First things first The Film Experience is doing a week-long-ish John Waters retrospective, and last night my piece on my favorite JW flick of them all, 1974's Female Trouble, went live -- grab some chips, lady, and read it here! It's also John's favorite of his films! And he is correct, per usual. Thing is, the piece I wrote came out more serious than I expected -- it's a lot about the film's debts and indignities with regards to Andy Warhol.
And I think every word I say there is true! But I also just sorta wanna have some fun with Female Trouble, as long as we're here. It's the single most quoted-by-me movie of all-time -- there isn't a week that passes without one of this script's many outrageous bon-mots passing my lips. Back in 2009 I already did a list of five favorite exchanges from the movie, but I feel as if I can continue on in that vein, given I don't think there's a single unfunny line in the entire movie. But I'll broaden the scope a little, and give you...
10 Favorite Supporting Characters in Female Trouble
Margie Skidmore as School Snitch
"Now they're threatening me, these awful cheap girls.
My mother told me to report this kind of thing.
I'm trying to get an education."
"It's just a skirt and sweater."
"Is it a fishing rod???"
"I'm sure, Miss Thing, I'm sure.
Pretzels give you plaque."
Dribbles : How's your little girl?
Why don't you bring her in here more often?
Sally : Why? So you can undress her with your eyes?
For Christ's sake she's only six years old.
Dribbles : I know, but I just like to play with her.
I wish I was a little girl.
Sally: Well throw a goddamn penny in a fountain and
make a goddamn wish and maybe it'll come true.
"Just cuz we're pretty everybody's jealous."
"She has a face of an old woman."
"Just cuz you got them big udders
don't mean you're somethin' special."
Wink: I'm getting a hard-on! Beauty always gives me a hard-on!
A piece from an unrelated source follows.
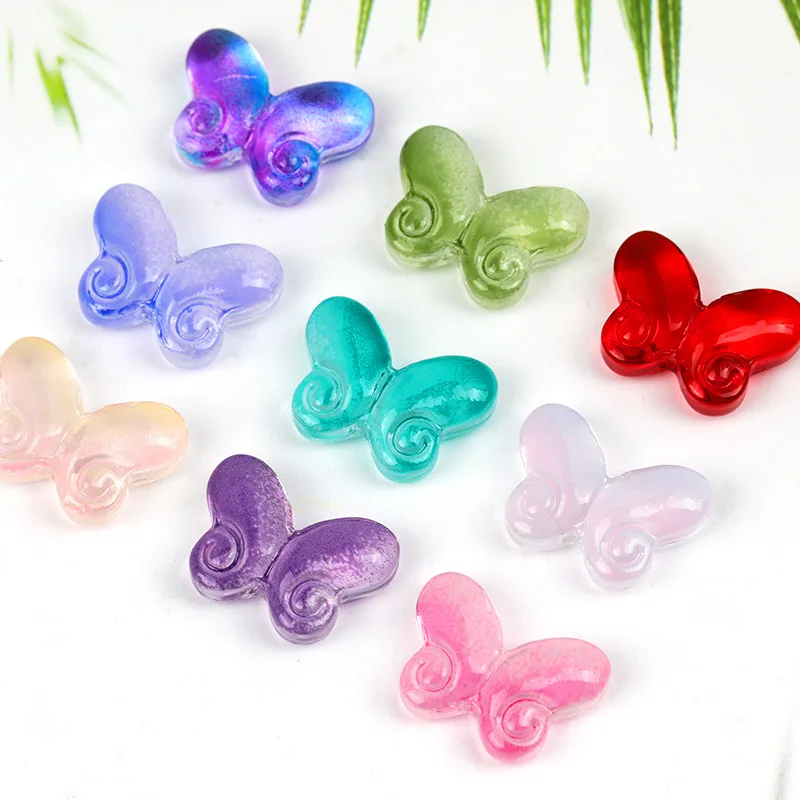 100PCS 10x14.5mm Gradient Color Fat Butterfly Glass Straight Hole Beads DIY Jewelry Accessories Loose Beads Wholesale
Donna Dasher : Aim it the other way then, Wink. You know how I detest organs. Beauty has absolutely nothing to do with that word, that thing you have hanging there like an
obscene pickle. Spare me your anatomy.
------------------------------------
As made patently clear by that last exchange, not including quotes from the characters I consider more than "Supporting" in Female Trouble -- Divine as Dawn Davenport obviously, along with her daughter Taffy (Mink Stole), her neighbor Aunt Ida (Edith Massey), and her benefactors Donald and Donna Dasher (David Lochary and Mary Vivien Pierce) -- proved a challenge! But one this movie proved more than up to. That said when it comes to the Major Characters I could do a list of ten favorite lines from each and every single one of them, individually.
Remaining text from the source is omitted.